▶ [TASK STATEMENT]: Starting with the line that contains "Grasshopper", copy each line exactly through the end of the listing, and omit all pictures.

▶ [ENTRIES SHOWN]:
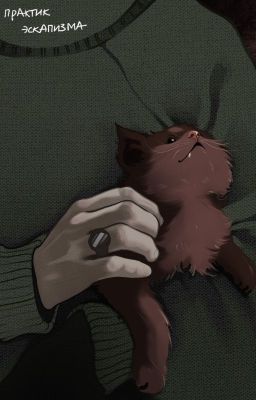 Необратимые метаморфозы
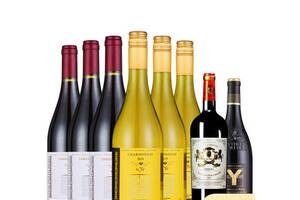 智利中央山谷百年份藤赤霞珠干红+霞多丽干白葡萄酒750ml6瓶整箱价格多少钱？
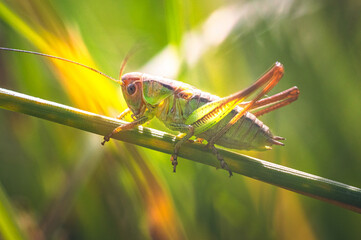 Grasshopper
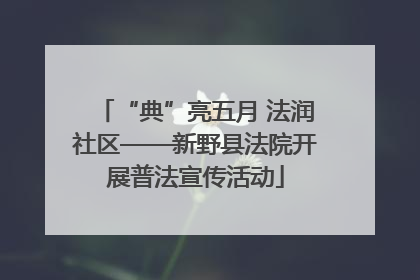 “典”亮五月 法润社区——新野县法院开展普法宣传活动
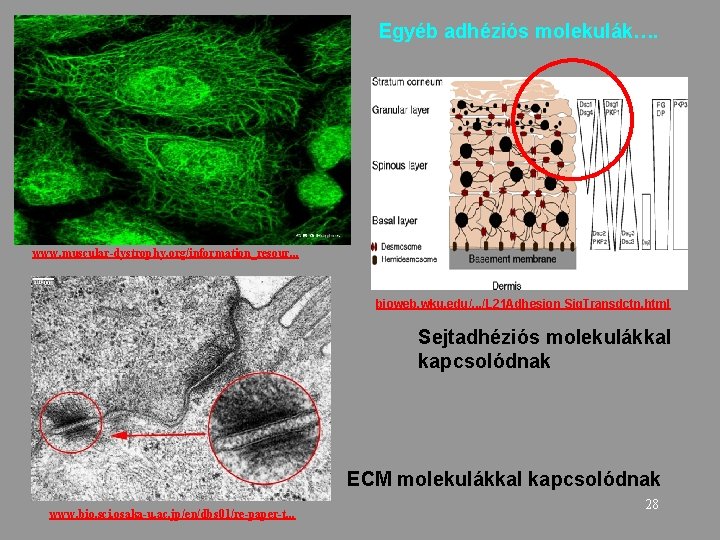 Egyéb adhéziós molekulák…. www. muscular-dystrophy. org/information_resour. . . bioweb. wku. edu/. . . /L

▶ [SOLUTION TO THIS PROBLEM]:
 Grasshopper
 “典”亮五月 法润社区——新野县法院开展普法宣传活动
 Egyéb adhéziós molekulák…. www. muscular-dystrophy. org/information_resour. . . bioweb. wku. edu/. . . /L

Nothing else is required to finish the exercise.